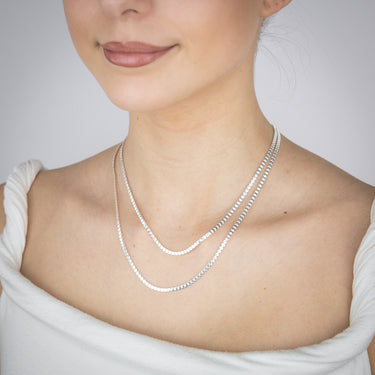 Sterling Silver Stamped Fancy Double Strand 41+5cm Chain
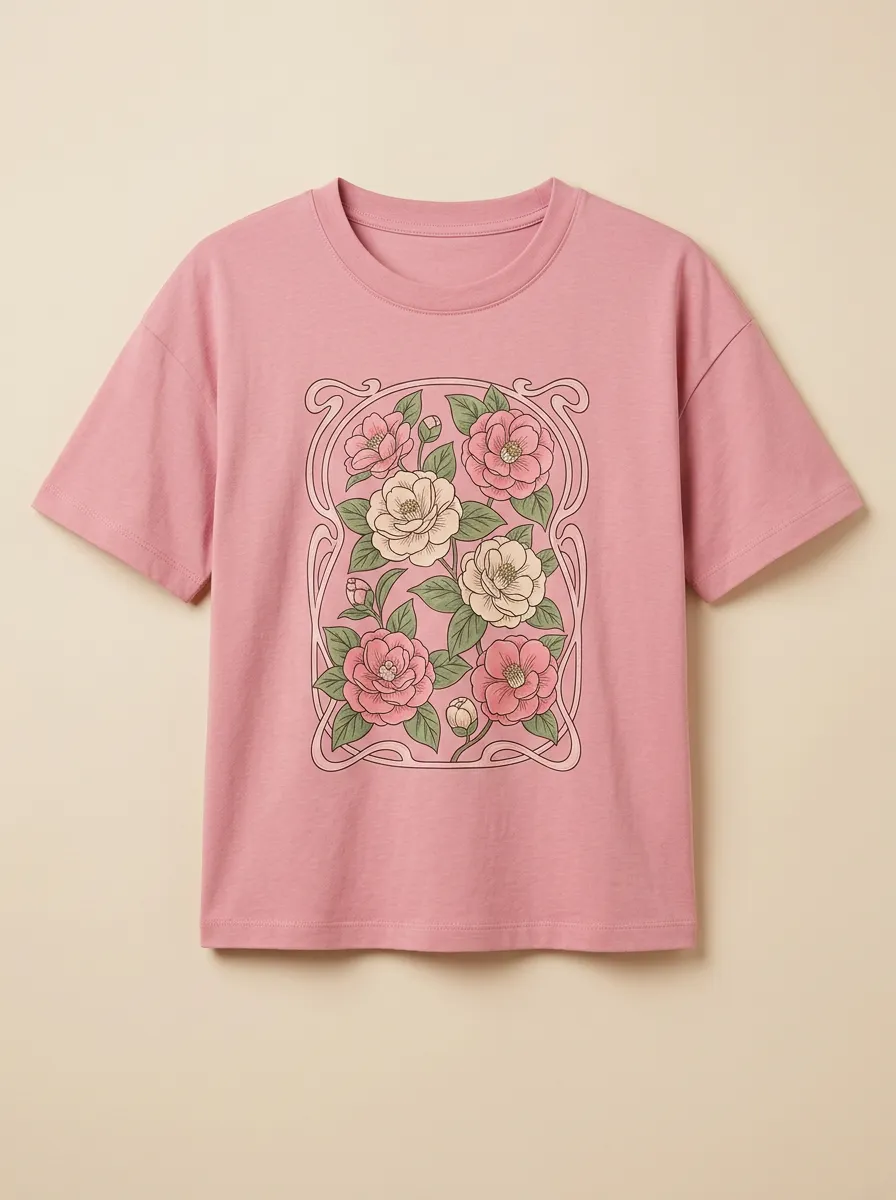 Women's Crew-Neck Graphic Floral Ribbed T-Shirt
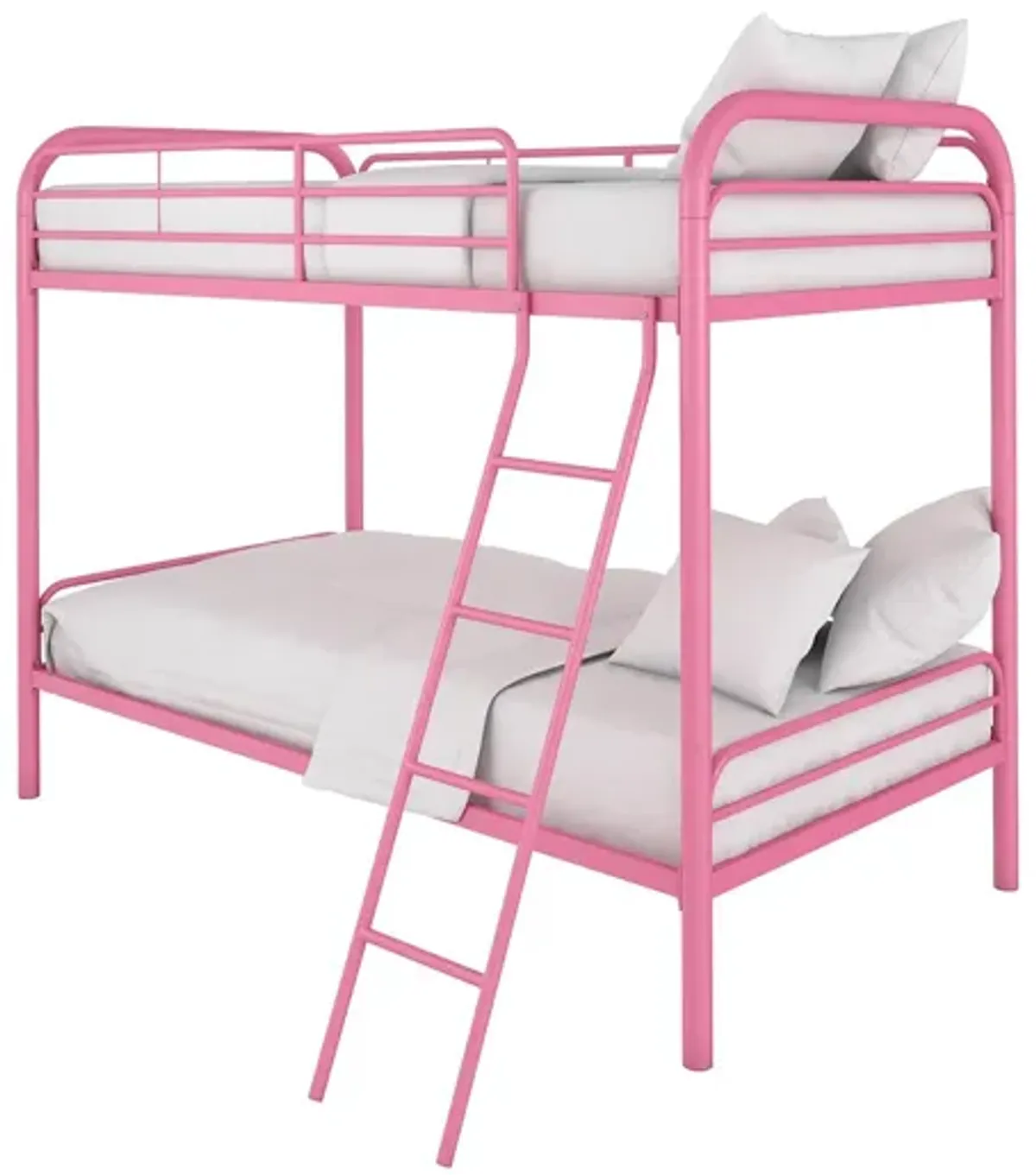 Twin over Twin Metal Bunk Bed with Slanted Front Ladder and Guardrails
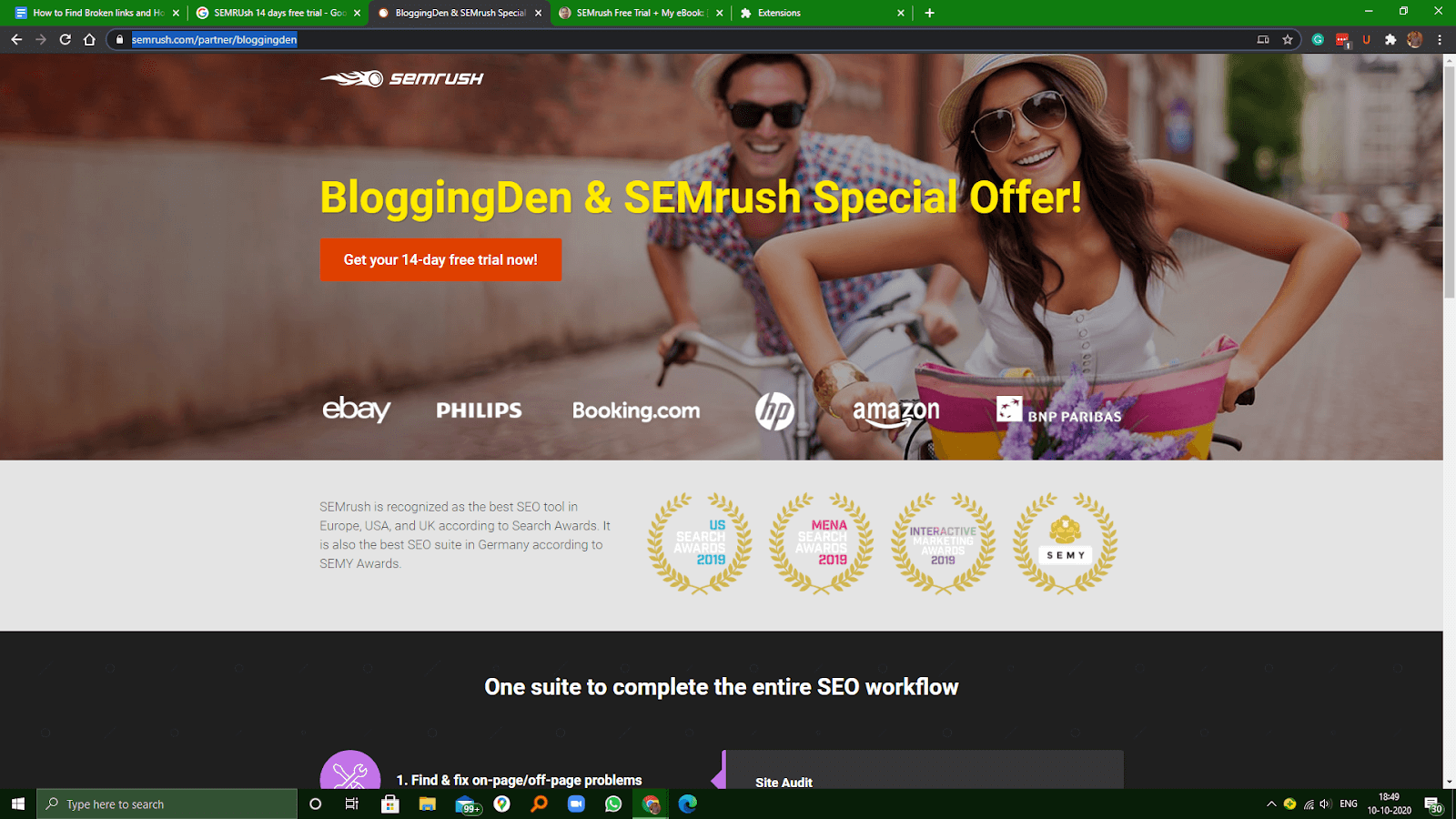 SEMrush free trial from BloggingDen Special Offer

● Activity: Set down, word for word, the full listing above, and carry over no pictures.

● Your solution:
 Sterling Silver Stamped Fancy Double Strand 41+5cm Chain
 Women's Crew-Neck Graphic Floral Ribbed T-Shirt
 Twin over Twin Metal Bunk Bed with Slanted Front Ladder and Guardrails
 SEMrush free trial from BloggingDen Special Offer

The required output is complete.